YOUR GOAL: Set down each line of the data exactly, but not the pictures.

MATERIAL SUPPLIED:
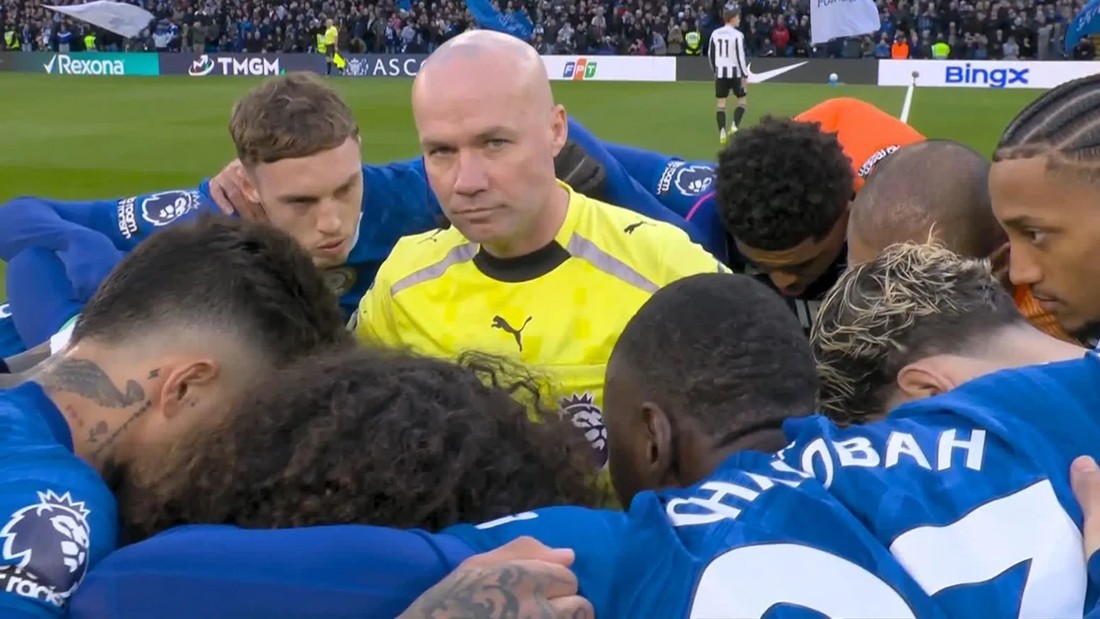 Trọng tài Paul Tierney trở thành tâm điểm chỉ trích vì đứng giữa vòng tròn hội ý của các cầu thủ Chelsea.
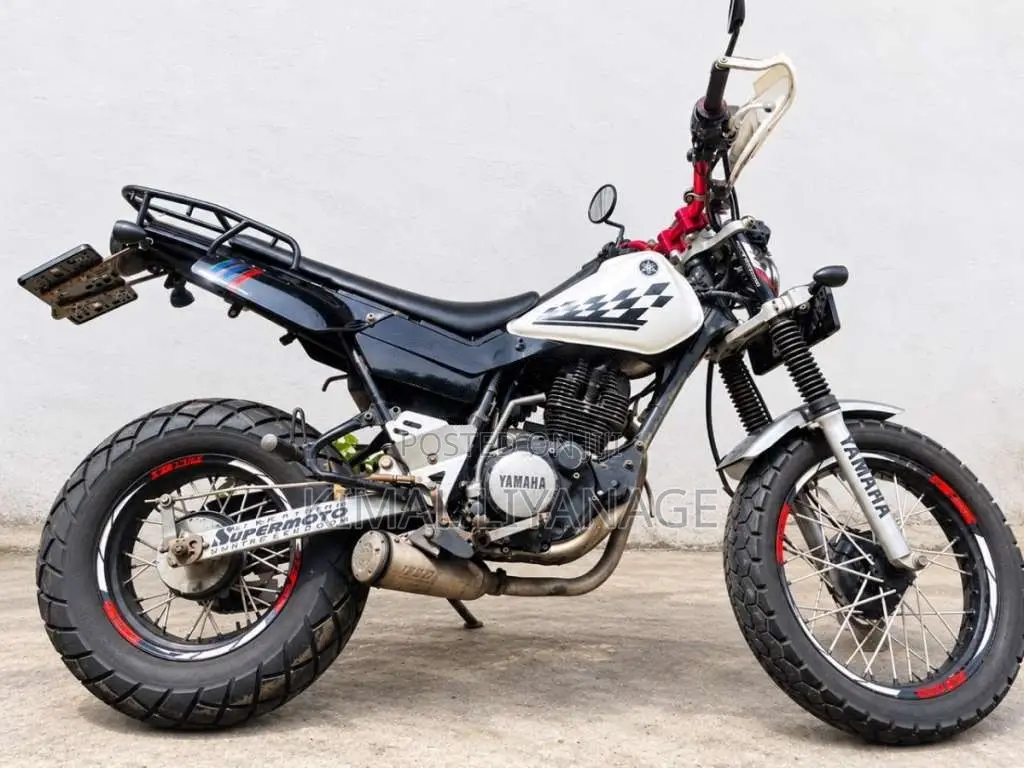 Yamaha TW 2014 Motorbike (Used)
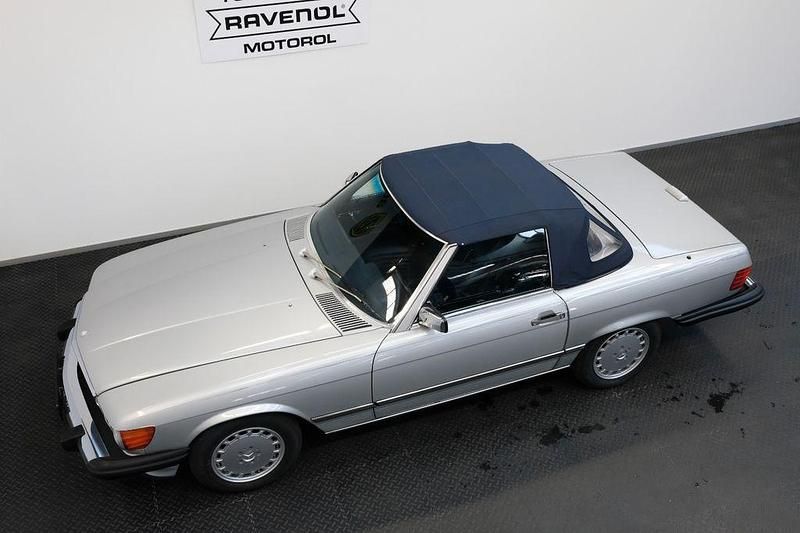 Gebraucht Mercedes 560 227 PS (166 kW) 1989 Silber Cabrio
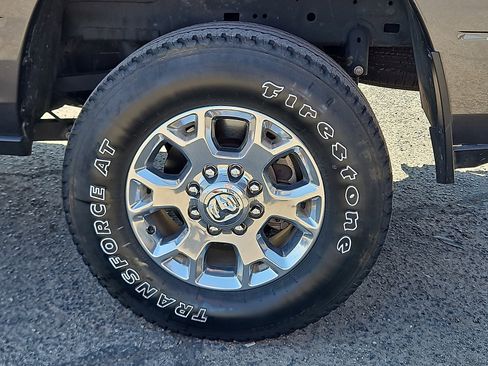 Used 2024 RAM 2500 Laramie image 5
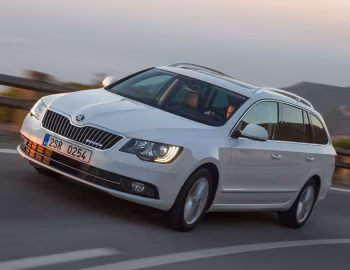Škoda Superb Combi GreenLine '2013–15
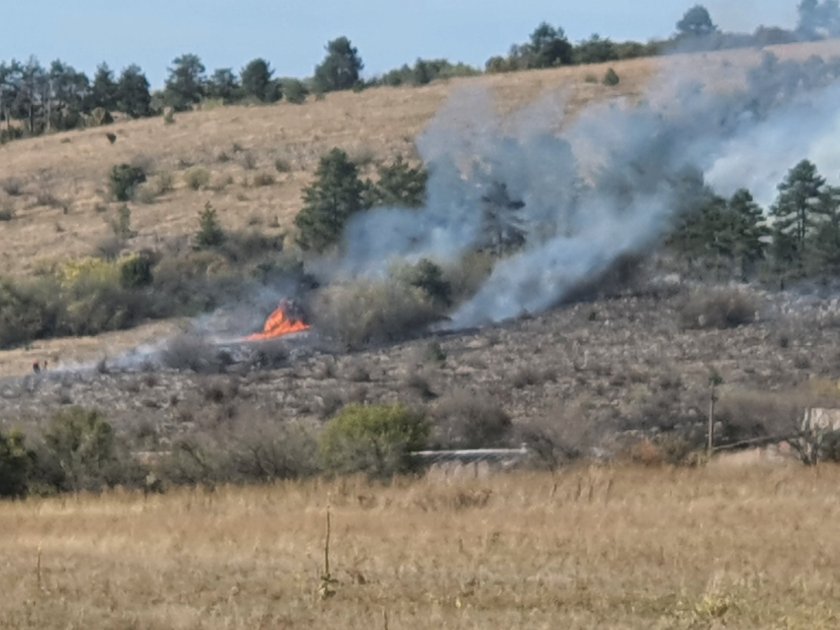 Пожари пламнаха в село Безден и Сливница в Софийска област.Противопожарните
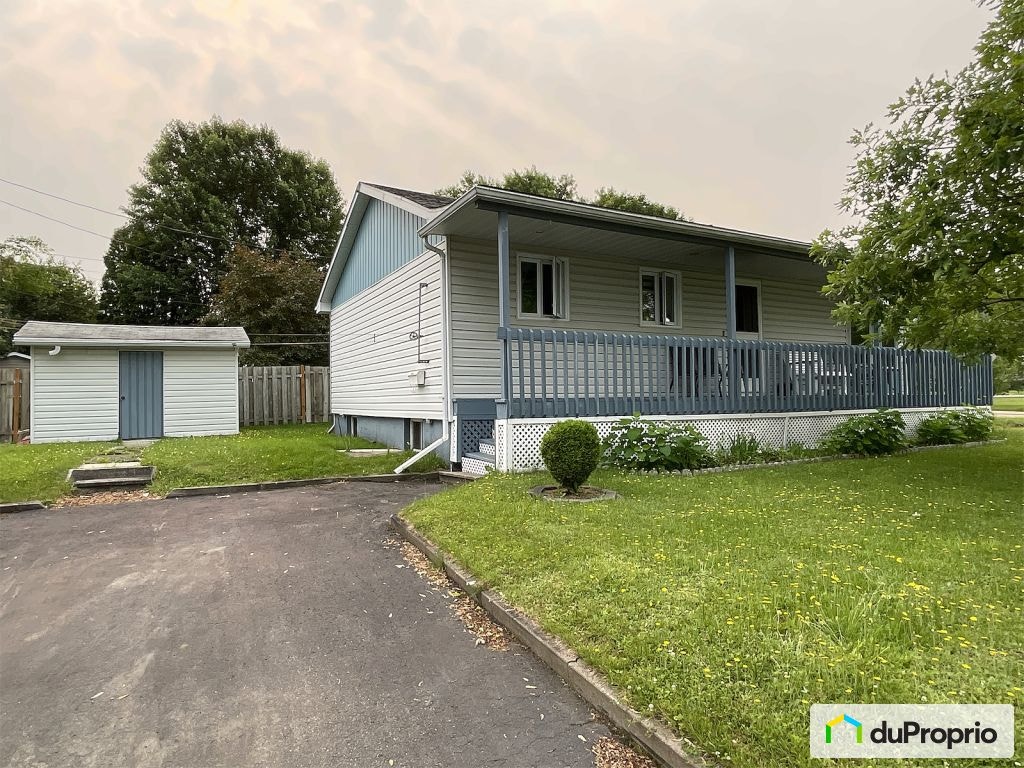 $314,900 - Bungalow for sale in Jonquière (Arvida) — photo 1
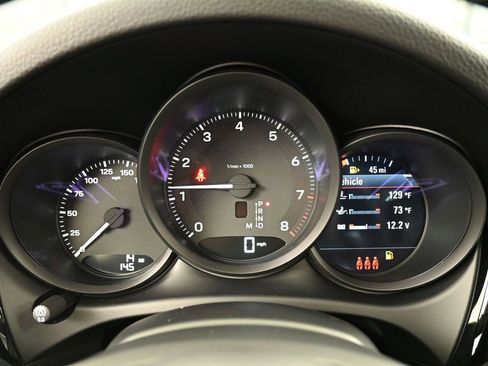 New 2026 Porsche Macan image 19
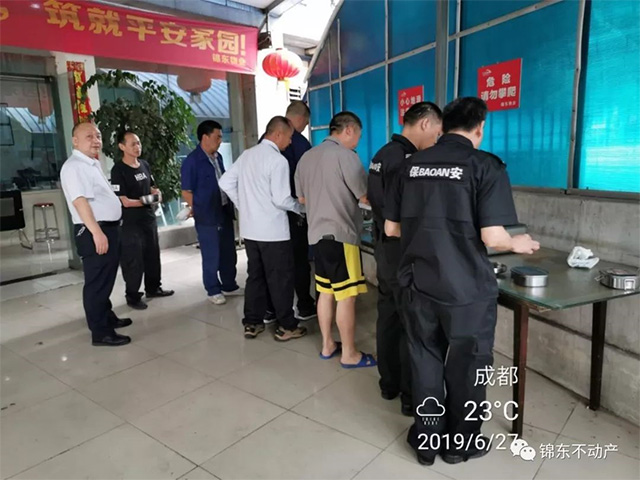 1593586132188022976.jpg 2.jpg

OUTPUT BELOW:
 Trọng tài Paul Tierney trở thành tâm điểm chỉ trích vì đứng giữa vòng tròn hội ý của các cầu thủ Chelsea.
 Yamaha TW 2014 Motorbike (Used)
 Gebraucht Mercedes 560 227 PS (166 kW) 1989 Silber Cabrio
 Used 2024 RAM 2500 Laramie image 5
Škoda Superb Combi GreenLine '2013–15
 Пожари пламнаха в село Безден и Сливница в Софийска област.Противопожарните
 $314,900 - Bungalow for sale in Jonquière (Arvida) — photo 1
 New 2026 Porsche Macan image 19
 1593586132188022976.jpg 2.jpg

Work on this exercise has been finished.